Sedangkan seseorang itu tidak tahu, apakah amalnya
diterima atau tertolak.
Dalam sebuah riwayat disebutkan bahwa Ibnu Umar
Radhiyallahu anhuma pernah berkata, “Jika aku tahu shalatku diterima (oleh Allah),
maka aku benar-benar mengharapkan kematian, karena Allah Azza wa Jalla
berfirman :
إِنَّمَا
يَتَقَبَّلُ اللَّهُ مِنَ الْمُتَّقِينَ
Sesungguhnya Allah Azza wa Jalla
hanya menerima (amalan) dari orang-orang yang bertakwa. [al-Maidah/5:27]
8. Membaca al-Qur’an pada acara kematian atau di depan
jenazah atau di kuburan merupakan perkara baru dalam agama, sedangkan semua
perkara baru dalam agama adalah bid’ah dan semua bid’ah adalah sesat. Rasûlullah
Shallallahu ‘alaihi wa sallam bersabda:
أُوصِيكُمْ بِتَقْوَى
اللَّهِ وَالسَّمْعِ وَالطَّاعَةِ وَإِنْ عَبْدًا حَبَشِيًّا فَإِنَّهُ مَنْ
يَعِشْ مِنْكُمْ بَعْدِي فَسَيَرَى اخْتِلَافًا كَثِيرًا فَعَلَيْكُمْ بِسُنَّتِ
وَسُنَّةِ الْخُلَفَاءِ الْمَهْدِيِّينَ الرَّاشِدِينَ تَمَسَّكُوا بِهَا
وَعَضُّوا عَلَيْهَا بِالنَّوَاجِذِ وَإِيَّاكُمْ وَمُحْدَثَاتِ الْأُمُورِ
فَإِنَّ كُلَّ مُحْدَثَةٍ بِدْعَةٌ وَكُلَّ بِدْعَةٍ ضَلَالَةٌ
Aku wasiatkan kepada kamu untuk
bertaqwa kepada Allah; mendengar dan taat (kepada penguasa kaum muslimin),
walaupun seorang budak Habsyi. Karena sesungguhnya barangsiapa hidup setelahku,
dia akan melihat perselishan yang banyak.
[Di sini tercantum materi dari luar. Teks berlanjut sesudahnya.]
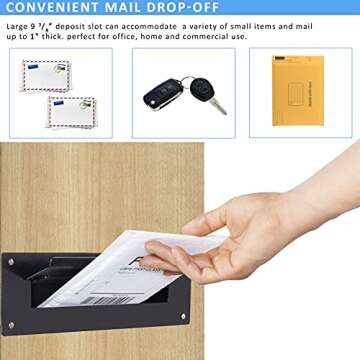 Durabox Through The Wall Mail Slot, Two Piece Deposit Chute Drop for Documents, Mail, Checks, Payments - Adjustable Mail Chute with Pre Drilled Mounting Holes, Screws D100 (Black)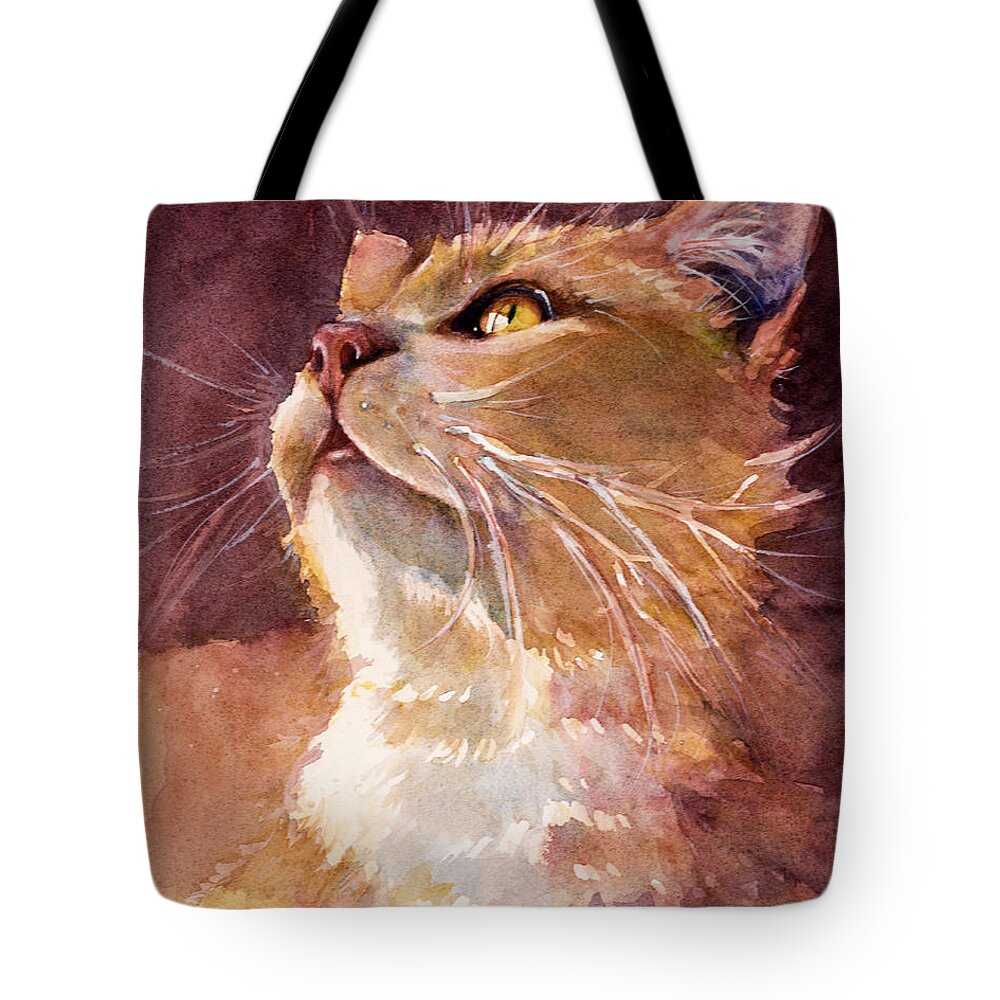 Cat Tote Bag featuring the painting Golden Eyes by Judith Levins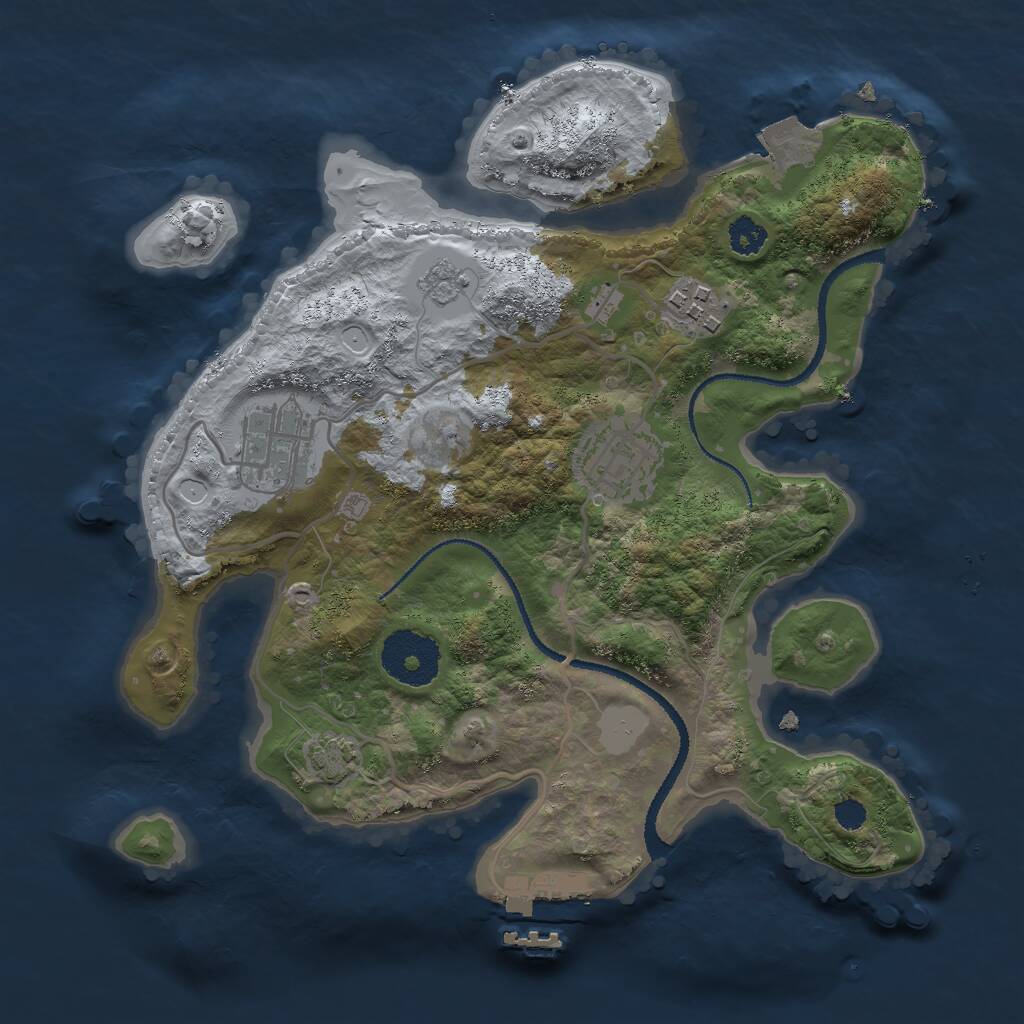 Rust Map: Procedural Map, Size: 2700, Seed: 42992, 7 Monuments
Maka wajib kamu berpegang kepada
Sunnahku dan Sunnah para khalifah yang mendapatkan petunjuk dan lurus.
Peganglah dan giggitlah dengan gigi geraham. Jauhilah semua perkara baru (dalam
agama), karena semua perkara baru (dalam agama) adalah bid’ah, dan semua bid’ah
adalah sesat. [HR. Abu Dawud
no: 4607; Tirmidzi 2676; Ad-Darimi; Ahmad; dan lainnya dari al-‘Irbadh bin Sariyah]
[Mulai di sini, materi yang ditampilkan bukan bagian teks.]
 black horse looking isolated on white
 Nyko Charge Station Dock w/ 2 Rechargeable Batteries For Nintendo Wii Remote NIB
Perbuatan tersebut tidak ada tuntunan dari Nabi, dari
Khulafaur rasyidin, dari para sahabat, dari tabi’in dan dari tabi’ut tabi’in,
sehingga hukumnya bid’ah dan sesat.
9. Kalau kita tahu bahwa hal itu bid’ah, maka pasti tidak
ada pahalanya, sebaliknya yang ada adalah dosa. Jika demikian keadaannya, maka
menghadiahkan pahala merupakan perkataan dan perbuatan sia-sia. Ini ibarat
orang yang menggenggam tangannya yang kosong, lalu dia berkata kepada orang
lain yang membutuhkan bantuan, “Ambillah!”, padahal tangannya kosong.
10. Sesungguhnya semua orang sangat butuh kepada
amalannya. Pada hari kiamat nanti, semua orang akan sangat mengkhawatirkan
dirinya, akankah amalannya bisa menyelamatkannya ?! Masing-masing akan lebih
mementingkan dirinya daripada saudaranya atau ibunya atau bapaknya. Jika
demikian, berarti orang yang menghadiahkan amalannya seakan dia sudah
memastikan bahwa dirinya dijamin aman, tidak rugi dan seakan tidak butuh
karunia Allah Azza wa Jalla . Allah Azza wa Jalla berfirman :
فَإِذَا جَاءَتِ
الصَّاخَّةُ يَوْمَ يَفِرُّ الْمَرْءُ مِنْ أَخِيهِ وَأُمِّهِ وَأَبِيهِ
وَصَاحِبَتِهِ وَبَنِيهِ لِكُلِّ امْرِئٍ مِنْهُمْ يَوْمَئِذٍ شَأْنٌ يُغْنِيهِ
Dan apabila datang suara yang
memekakkan (tiupan sangkakala yang kedua), pada hari ketika manusia lari dari
saudaranya, dari ibu dan bapaknya, dari istri dan anak-anaknya. Setiap orang
dari mereka pada hari itu mempunyai urusan yang cukup menyibukkannya. [‘Abasa/80:33-37]
Demikianlah uraian singkat tentang beberapa poin penting
berkaitan dengan bacaan al-Qur’an yang dihadiahkan pahalanya buat orang yang
sudah meninggal. Ada sebagian orang yang berkilah bahwa apa yang dia lakukan
itu adalah tradisi atau adat. Namun itu hanya alasan saja, karena yang menjadi
tujuannya adalah pahala, sementara yang namanya tradisi atau adat,
pelaksanaannya bukan untuk mencari pahala. Kalau tujuannya mencari pahala,
berarti itu adalah ibadah. Dan ibadah harus sesuai dengan tuntunan syari’at.
Semoga uraian singkat ini bisa bermanfaat dan menggugah
kesadaran kita untuk lebih semangat dan waspada dalam melaksanakan ibadah.